BEGIN DATA FOR THE TASK

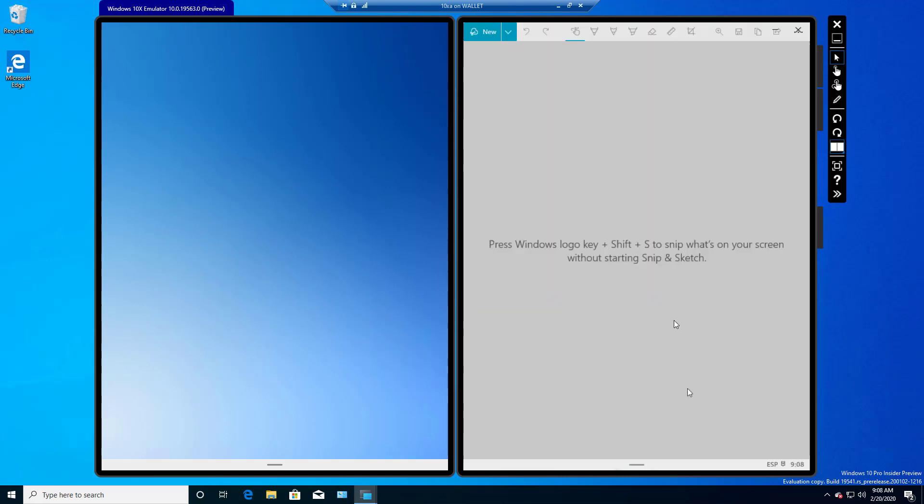So I hope that gives you a good overview of the snip and sketch tool that is available in Windows 10X.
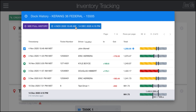In here you can actually change the date range to see different past historical data for this tank, and click on 'see full history' in order to get a larger table, which we'll cover in a different video for that specific page.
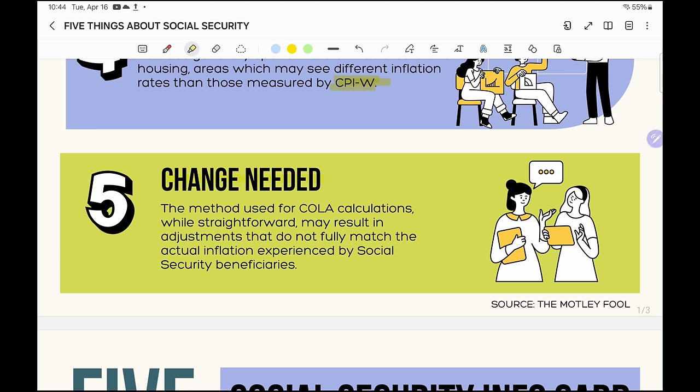Change is needed. The method used for COLA calculations, while straightforward, may result in adjustments that do not match the actual inflation experienced by Social Security beneficiaries. If we're using a metric that doesn't match the spending habits of people receiving Social Security benefits, why are we using it? Some Congress members are talking about changing that metric from the CPI-W to the CPI-E.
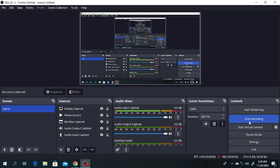Hello everyone, welcome to my channel. In this lecture we will discuss the effect of thermodynamic model on the condenser and reboiler duty using the DWSIM software. We will discuss how the thermodynamic model or property package will affect the condenser and reboiler duty in DWSIM.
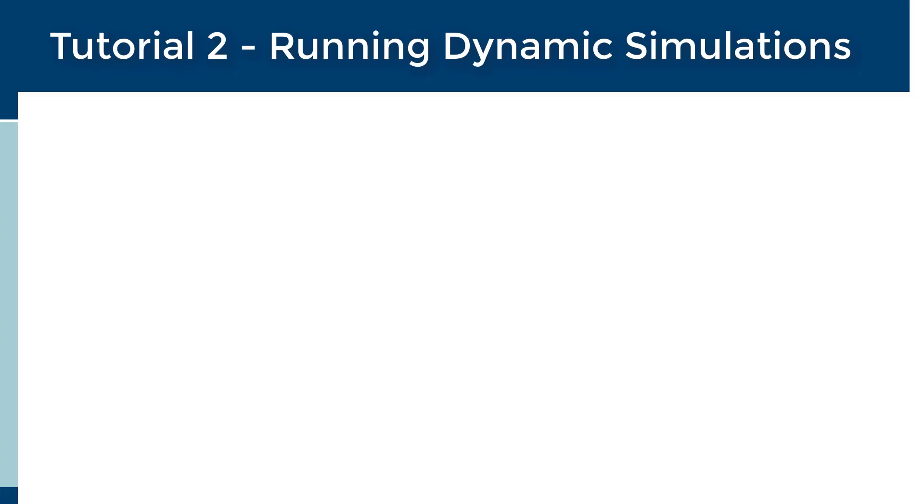Welcome to Tutorial 2, Running Dynamic Simulations. If you have not yet completed the first tutorial in the GPSX tutorial series, it is recommended that you do so before beginning this tutorial video.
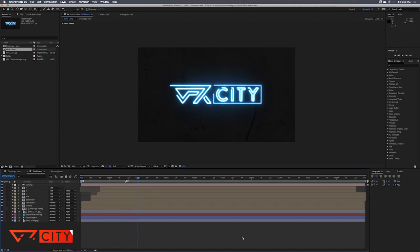Hey, what's up? This is Caleb with VFX City, and in this After Effects tutorial I'm going to show you how to convert any logo or any text into neon art in After Effects.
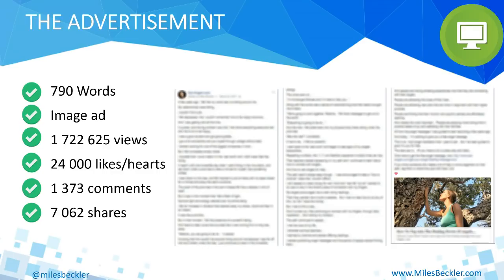I run a very long copy ad — a total of 790 words. It's a simple image ad that has had about 1.8 million views at this point, over 24,000 likes and hearts, 1,300 comments, and 7,000 shares. One of the reasons this ad is still working so well today is because I tell a story — a very compelling story that draws the reader in. They see the 'read more' and 'more' buttons, so they don't see the whole ad at first. They see the beginning of the story, click read more, then click the more button. At that point they've taken multiple micro-commitments to get really engaged and they're emotionally engaged in the story by the time they get down to the call to action.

END DATA FOR THE TASK

Would you copy, exactly, each line from the start of the listing above through the line with "Hey, what's up?", both ends included, but none of the pictures?

So I hope that gives you a good overview of the snip and sketch tool that is available in Windows 10X.
In here you can actually change the date range to see different past historical data for this tank, and click on 'see full history' in order to get a larger table, which we'll cover in a different video for that specific page.
Change is needed. The method used for COLA calculations, while straightforward, may result in adjustments that do not match the actual inflation experienced by Social Security beneficiaries. If we're using a metric that doesn't match the spending habits of people receiving Social Security benefits, why are we using it? Some Congress members are talking about changing that metric from the CPI-W to the CPI-E.
Hello everyone, welcome to my channel. In this lecture we will discuss the effect of thermodynamic model on the condenser and reboiler duty using the DWSIM software. We will discuss how the thermodynamic model or property package will affect the condenser and reboiler duty in DWSIM.
Welcome to Tutorial 2, Running Dynamic Simulations. If you have not yet completed the first tutorial in the GPSX tutorial series, it is recommended that you do so before beginning this tutorial video.
Hey, what's up? This is Caleb with VFX City, and in this After Effects tutorial I'm going to show you how to convert any logo or any text into neon art in After Effects.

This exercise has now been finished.